What Is DEI Training?

According to the Association for Talent Development, Diversity, Equity, and Inclusion (DEI) training helps “workplaces become more diverse, equitable, and inclusive, particularly for employees from underrepresented or historically marginalized communities.”

There are subtypes of DEI training that educate employees in different ways and influence how they behave, including a type specifically focused on hiring and interviewing. This type of DEI training benefits all staff involved in hiring.

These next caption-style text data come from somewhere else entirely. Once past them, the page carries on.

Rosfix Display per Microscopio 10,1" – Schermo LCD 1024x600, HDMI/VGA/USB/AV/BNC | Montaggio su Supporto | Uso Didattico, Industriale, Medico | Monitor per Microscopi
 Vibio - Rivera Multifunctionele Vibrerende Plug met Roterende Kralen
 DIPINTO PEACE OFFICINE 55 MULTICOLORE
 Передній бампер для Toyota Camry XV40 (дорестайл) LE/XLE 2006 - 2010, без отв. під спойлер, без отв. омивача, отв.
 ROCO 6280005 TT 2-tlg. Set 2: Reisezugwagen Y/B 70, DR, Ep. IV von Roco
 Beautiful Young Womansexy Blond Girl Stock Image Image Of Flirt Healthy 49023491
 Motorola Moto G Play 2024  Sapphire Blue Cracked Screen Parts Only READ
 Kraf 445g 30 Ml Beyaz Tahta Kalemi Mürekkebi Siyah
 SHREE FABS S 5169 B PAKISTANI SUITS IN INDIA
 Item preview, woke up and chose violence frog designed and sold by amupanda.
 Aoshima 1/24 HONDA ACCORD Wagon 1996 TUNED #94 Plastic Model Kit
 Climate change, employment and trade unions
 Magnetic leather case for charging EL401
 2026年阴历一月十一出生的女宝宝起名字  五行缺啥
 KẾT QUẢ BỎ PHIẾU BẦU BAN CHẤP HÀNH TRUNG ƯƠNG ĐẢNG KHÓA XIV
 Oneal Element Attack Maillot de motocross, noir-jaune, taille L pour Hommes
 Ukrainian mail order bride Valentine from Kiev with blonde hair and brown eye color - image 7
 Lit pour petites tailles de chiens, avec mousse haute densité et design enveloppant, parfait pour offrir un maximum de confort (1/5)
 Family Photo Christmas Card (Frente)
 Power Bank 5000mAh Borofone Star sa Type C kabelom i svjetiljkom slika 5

In DEI training for hiring, participants learn a variety of things, including (but not limited to):

  • All about hiring biases: how we develop them and how they impact hiring decisions
  • Where and how different biases can creep into the hiring process
  • Interview strategies and techniques to disrupt bias and avoid common mistakes
  • How to define success and assess your organization’s hiring practices

DEI training is important for interviewers because it minimizes the impact of hiring biases on ratings, helps prevent unintentional discrimination, and supports greater organizational efforts to prioritize DEI.

Reduce Hiring Biases

Take Harvard’s Implicit Association Test (IAT)

Hiring managers can take an IAT as part of DEI or interview training. These tests detect the strength of subconscious associations between concepts in your memory, and the results help create self-awareness.

Educating people about bias isn’t enough to prevent bias, but it’s a solid first step. Harvard’s IAT (Project Implicit) is a free option to take advantage of.

Harvard Test

How Can a Hiring Platform Benefit Interviewer Training?

Hiring platforms, specifically those equipped with interview intelligence, increase transparency and provide AI insights about interviewer performance in video interviews.

Here are some ways you can leverage this technology to elevate interviewer training and performance.

Interview Software

Interview Intelligence

Remind Interviewers About Implicit Bias

At the beginning of every interview, create a reminder in the platform covering different types of bias to watch out for. Explain why a reminder like this is essential in training, and make interviewers confirm they’ve read it and understood it.

Enable Continuous Learning

With interview intelligence, there’s no end point for interviewer growth. AI can provide ongoing coaching and monitor trends over time, providing insights and allowing you to step in and offer additional support if needed.

Rewatch Interview Recordings

Easy access to all the video or hybrid interview recordings allows you to watch back interviews as if you were in the room, increasing accountability around following the rules and policies set out in training.

On The Spot Feedback

More advanced interview intelligence offers real-time feedback on things like talk-time ratios, so interviewers have the opportunity to correct their behavior immediately.

Track Interviewer Performance

Is interview compliance high or low? Determine if interviewers use what they learned in their initial training to conduct better interviews.

Produce Individualized Training Plans

AI interviewer analysis can send you feedback on interviewer performance, enabling you to produce individualized training plans to address areas of improvement.

Frequently Asked Questions

Is Interview Training for Recruiters and Hiring Managers the Same?

While DEI sensitivity training can be conducted simultaneously across departments, interview training should be tailored to specific roles if recruiters and hiring managers have distinct responsibilities. As a best practice, all personnel involved in hiring, from recruitment to selection, should at least receive general interview training.

Should You Offer Interview Training for Employees?

Not for all employees. Only those who are related, or will be related to the hiring process in the future, should receive some form of interviewer training.

What Is Behavioral Interview Training for Hiring Managers?

Behavioral interview training for hiring managers focuses specifically on the types of questions asked. Unlike standard training, this method centers on the candidates' past actions to gain an understanding of their professional behavior. It aims to predict a candidate’s future performance by assessing their core competencies through their previous behaviors.